The pledge involves significant investment into zero-emissions public transport and £1 billion will go towards making buildings more energy-efficient. Also by 2030, offshore wind should be able to power every home in the country, which will require four times the amount of wind energy to be generated than ever before.
In line with previous commitments to safeguard biodiversity, 30,000 hectares of trees are to be planted every year from now on. Lastly, cutting-edge technologies intend to establish the City of London as the global centre of green finance.
A step in the right direction, but still falling short
But does the “ambitious” plan go far enough when it comes to averting the climate crisis? Critics are sceptical.
We spoke to Sir David King, founder and chair of the Centre for Climate Repair at The University of Cambridge.
“The 10-year climate plan from the Prime Minister is to be strongly welcomed as a clear public commitment,” he begins.
“But it is nowhere near enough to manage the British Government commitment to net zero emissions by 2050 or to provide a safe future. As we emerge from the COVID-19 pandemic and its impact on our economy, there needs to be an understanding that this is the opportunity to grow our economy in a direction that is fit-for-purpose in this century.”
The Chinese Government is leading the way with investment into their green economy of 2.1% of their annual GDP going forward, King explains, comparing the two major global powers side by side.
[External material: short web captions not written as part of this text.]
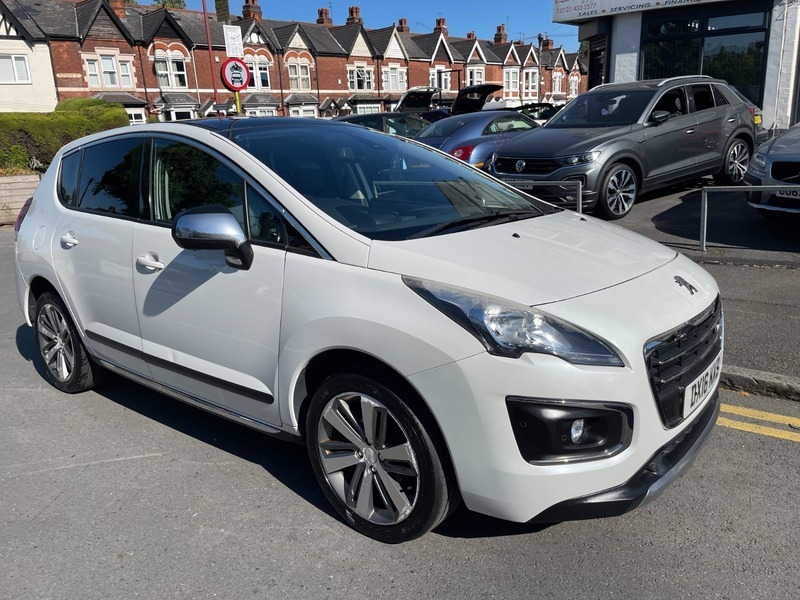 Peugeot 3008 Blue Hdi S S White #3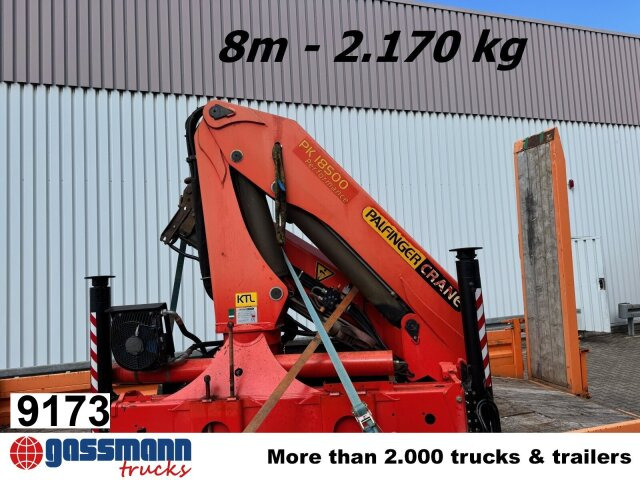 Palfinger PK 18500-A - Lastebilkran: bilde 1 Palfinger PK 18500-A - Lastebilkran: bilde 1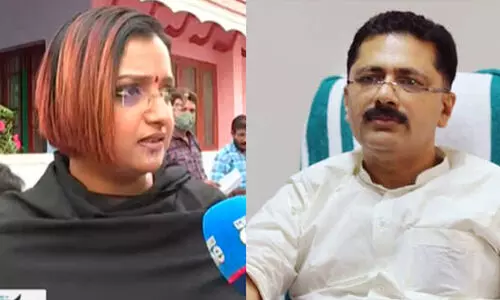 ജലീൽ സർ പറഞ്ഞത് കള്ളം, മാധ്യമത്തിനെതിരെ കത്തയക്കു​മ്പോൾ ഞാൻ പി.എ അല്ല -സ്വപ്‌ന സുരേഷ്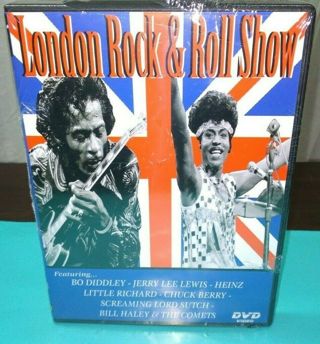 LONDON ROCK & ROLL SHOW - DVD - Little Richard / Bo Diddley Hard 2 Find NOS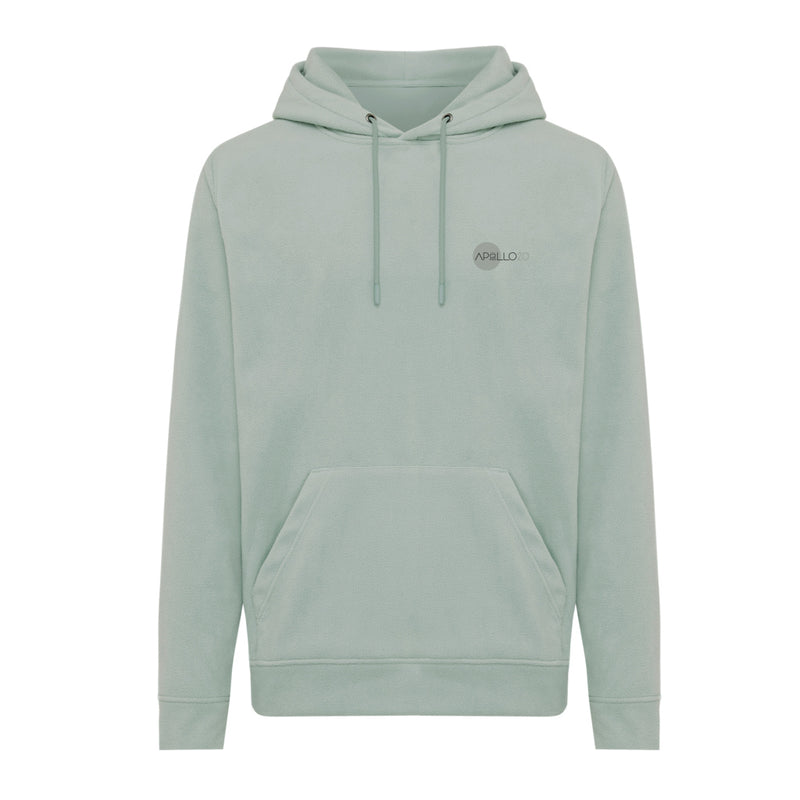 Load image into Gallery viewer, Trivo recycled polyester microfleece hoodie - Custom Wood Designs

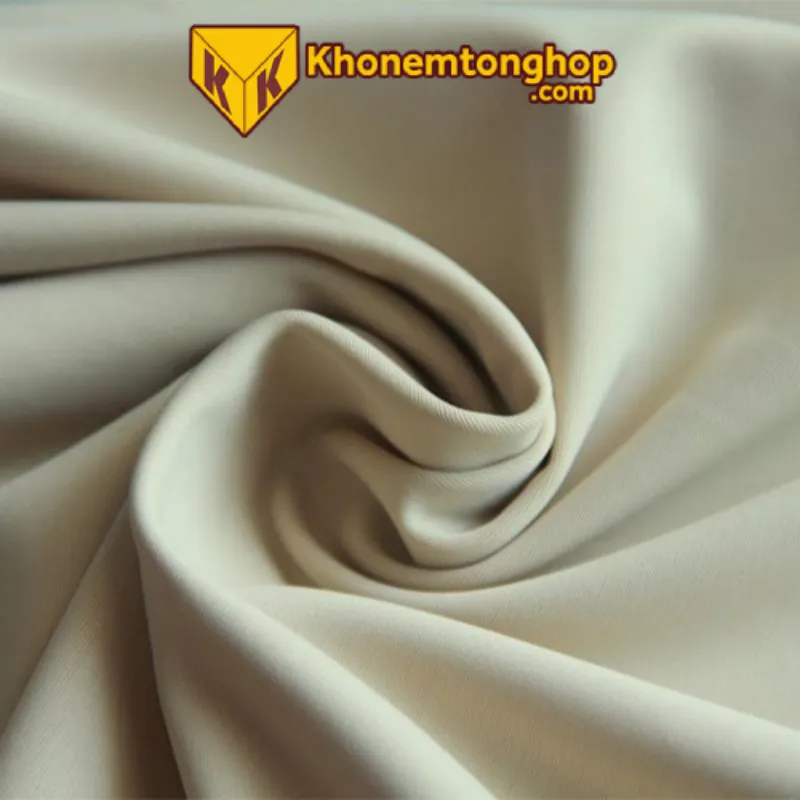 Vải làm mát (Cooling Fabric) bền màu và ít bị nhăn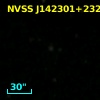 NVSS J142301+232621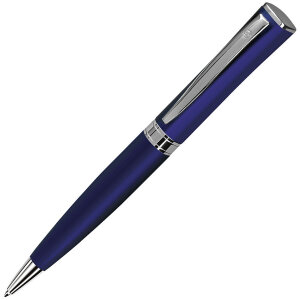 Ручка шариковая WIZARD, металл, синяя  паста
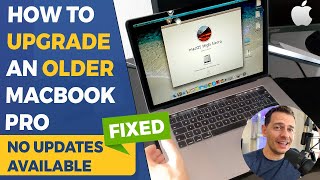 How to Upgrade an Old MacBook to latest version supported FIXED 2022 [upl. by Karoline]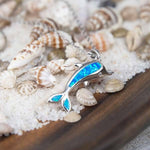 Paradise Opal Nai'a Daydream Pendant Pendant Island by Koa Nani 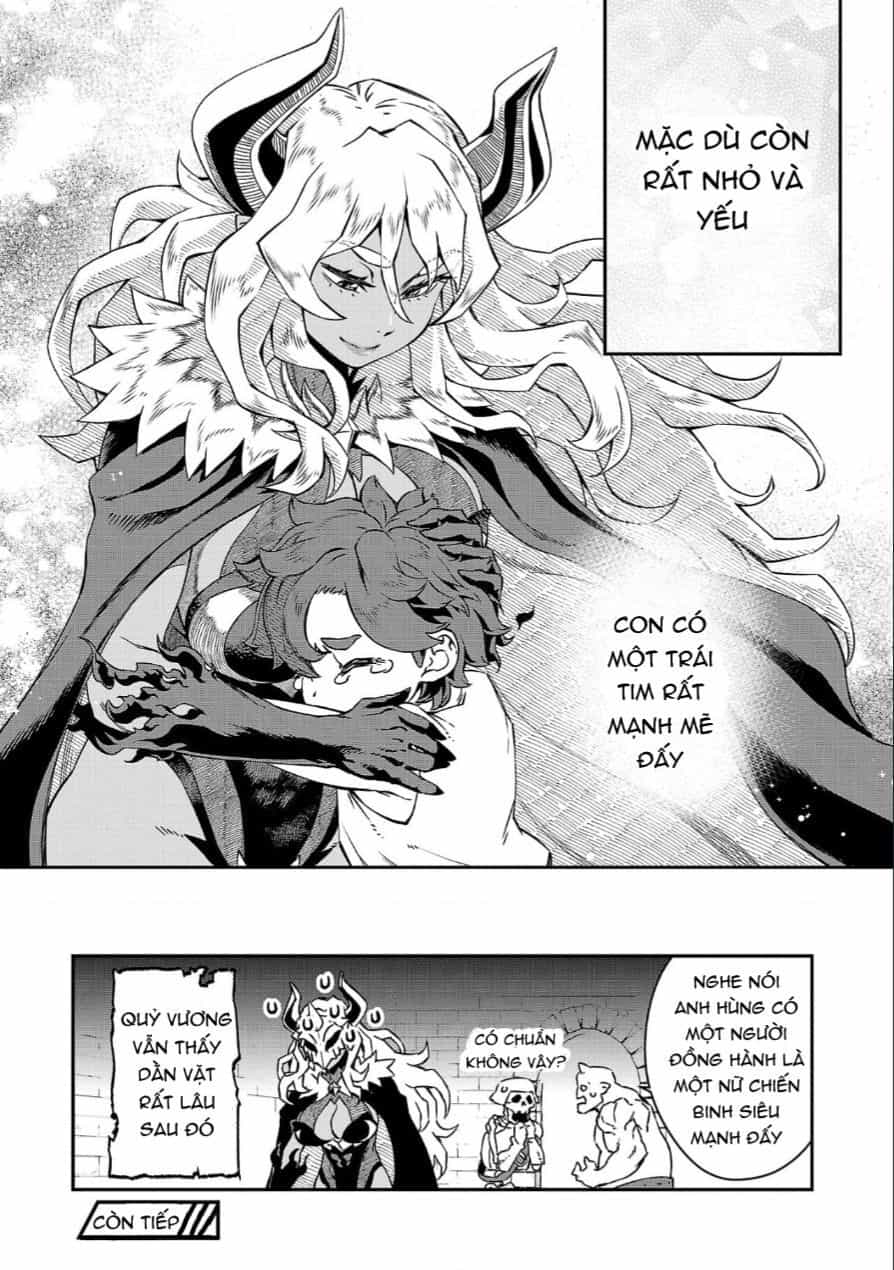 Quỷ Vương-Sama Không Thể Đánh Bại Hero-Kun! - Chuong 2 - ảnh 10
Mick Cash, general secretary of the National Union of Rail, Maritime and Transport Workers was also critical, calling the plan “disappointing” and lacking in detail.
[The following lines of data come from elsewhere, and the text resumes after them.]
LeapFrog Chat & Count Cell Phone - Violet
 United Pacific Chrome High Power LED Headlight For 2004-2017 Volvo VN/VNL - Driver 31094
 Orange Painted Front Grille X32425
“Public transport and rail freight are far more energy efficient than road transport,” he said in an interview with a railway business journal, criticising the government for not putting enough emphasis on the rail industry.
Architects think there is room for improvement too. RIBA president Alan Jones told Building Design magazine that a longer term plan was needed.
“It’s positive to see the PM recognise the need to tackle the UK’s housing emissions crisis. That said, we need a long-term plan – a National Retrofit Strategy – that includes fresh thinking such as a new stamp duty policy to encourage homeowners to invest in sustainability,” he said.
When it comes to leading climate organisations, Greenpeace isn’t happy either. The NGO's UK head of politics, Rebecca Newsom, states outright that “behind the headline is a gaping hole in the funding.”
“Just £4 billion of the money announced is new, but for a genuinely green industrial revolution, we need long-term policy commitments and funding across every sector of the economy, not just a down payment,” she tells Euronews Living.
Newsom concludes, “as a bare minimum, the government must fulfil its £9.2bn manifesto commitment to making our homes warmer, and invest an extra £10 billion per year in greener public transport, walking and cycling solutions across the UK.”